A deeper look at the history of the U.S. drone war in Afghanistan reveals that the strike against the Ahmadis was not an isolated “tragic mistake,” however. Throughout the last 20 years, such strikes happened repeatedly. According to the London-based Bureau of Investigative Journalism, more than 13,000 drone strikes took place in Afghanistan between 2015 and 2020. The identities of most of the victims—between 4,000 and 10,000 Afghans—are unknown.
Thanks to Washington’s military escalation, Afghanistan became the world’s most drone-bombed country during that era. According to Reprieve, a British human rights organization, between 2004 and 2014 more than 1,100 people were killed by U.S. drones during the hunt for just 41 targets. Many of these notorious men are alive today. Sirajuddin Haqqani, the Taliban’s deputy chief who just became Afghanistan’s new interior minister, was one of them.

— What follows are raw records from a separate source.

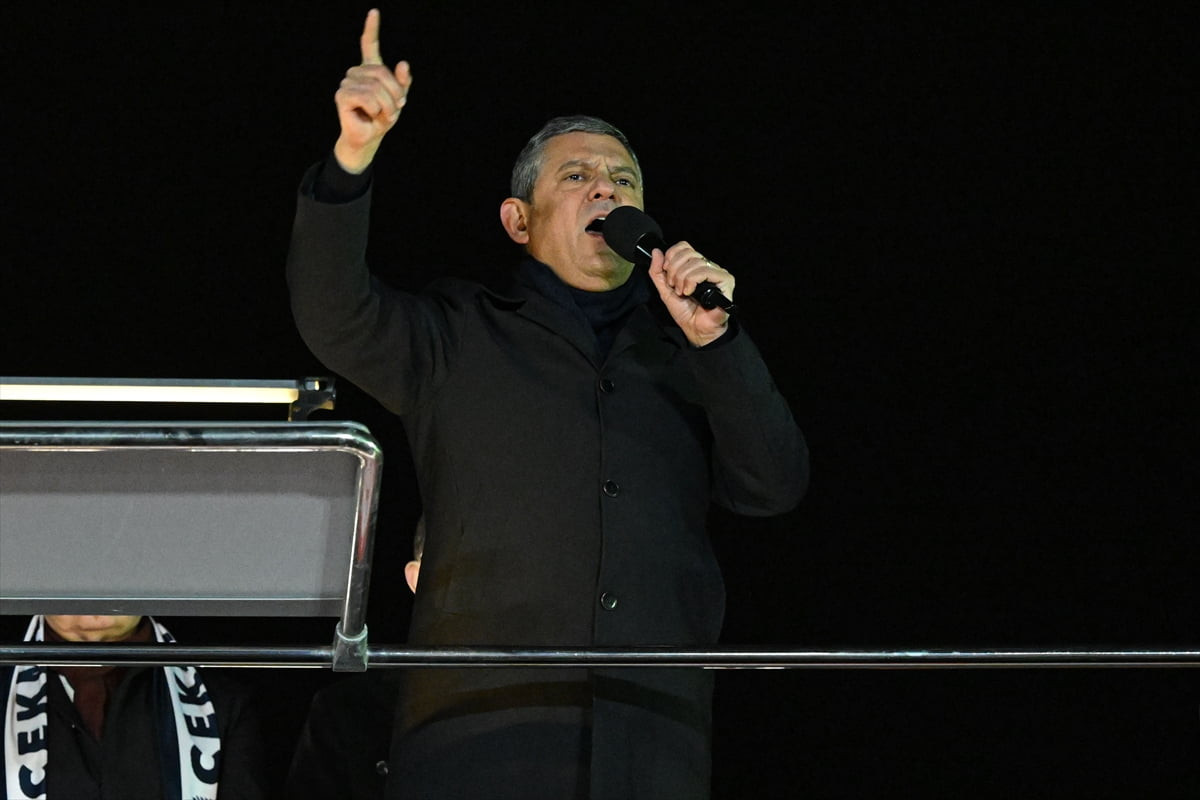 CHP Genel Başkanı Özgür Özel, İstanbul Büyükşehir Belediyesine (İBB) yönelik yolsuzluk ve terör...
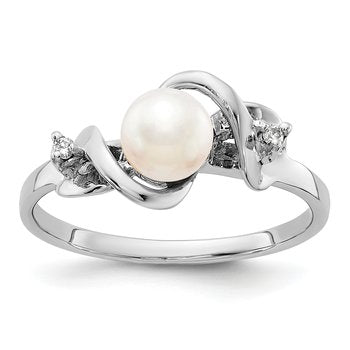 14k White Gold 5.5mm FW Cultured Pearl VS Diamond ring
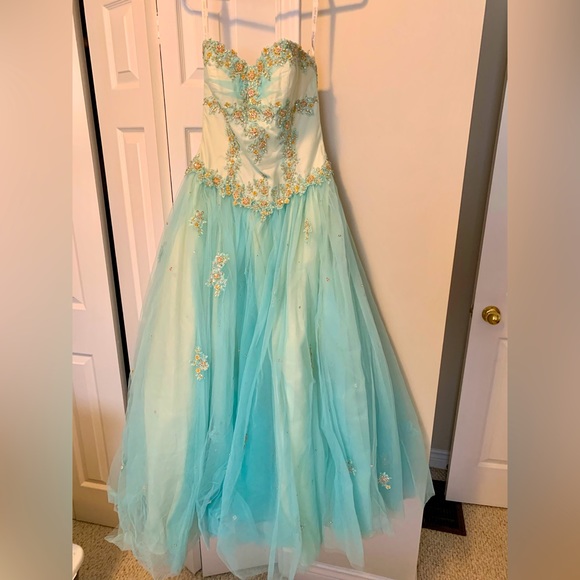 Blue ballgown prom dress size 4 - Picture 1 of 5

Another known target was al-Qaeda leader Ayman al-Zawahiri, who is alive too. In fact, he has even recently published a new book.
It was not just America’s last strike that revealed the total failure of the drone war and its distorted narrative, but also its first one 20 years ago. Indeed, the first and last drone strikes were eerily similar. On October 7, 2001, the initial day of Operation Enduring Freedom, which culminated in the invasion of Afghanistan, the U.S. military and the CIA tried to kill Taliban leader Mullah Mohammad Omar in the first drone strike in mankind’s history. They failed. The Predator killed several unnamed people, most probably Afghan civilians, in southern Kandahar province. Omar himself fled and was declared dead multiple times in the years following. It ultimately emerged that he died of natural causes in 2013. Until his death, he resided a stone’s throw away from a U.S. military base in Zabul province. He was never found by the special commandos or the often-praised “precise” drones.
Critics of the drone war habitually mentioned the flawed technology of the killer weapons. “The strike against the Ahmadis proves once again that no matter how long a drone loiters, these devices will never be able to garner true situational awareness of what is happening on the ground. The question to ask is, if we are not striking who we intend to strike, who are we striking?” asked Lisa Ling, a former technician with the U.S. Air Force. Ling, once responsible for drone hardware, left the military some years ago and turned into a whistleblower and staunch critic of the government’s drone program.
Another former Air Force analyst who followed a similar path was her friend and colleague Daniel Hale, who was responsible for the so-called “Drone Papers,” a massive leak in 2015 that revealed the dark side of the drone war. Hale’s leak also underlined that most drone victims in Afghanistan were civilians. Last July, he was sentenced to 45 months in prison by a U.S. court.
Eventually, the Biden administration declared that it wanted to compensate the Ahmadi family for the strike. Further details about the amount or timing of the payment are not yet known. In 2016, the U.S. government paid $1.2 million to the family of Giovanni Lo Porto, an Italian aid worker killed by a drone strike in Pakistan in January 2015. Similar payments to the families of Afghan or Pakistani drone victims never took place.
“The Americans told us several times that they would pay compensation, but until now we are yet to receive even a personal apology,” said Emal Ahmadi, now living with one of his sisters. The family’s yard and parts of their house are still destroyed. With the hope of compensation payments, the Ahmadis wish to emigrate to the United States in the near future. “No money could bring back the dead, but maybe there is a chance to restart a new life somewhere else in peace,” he said.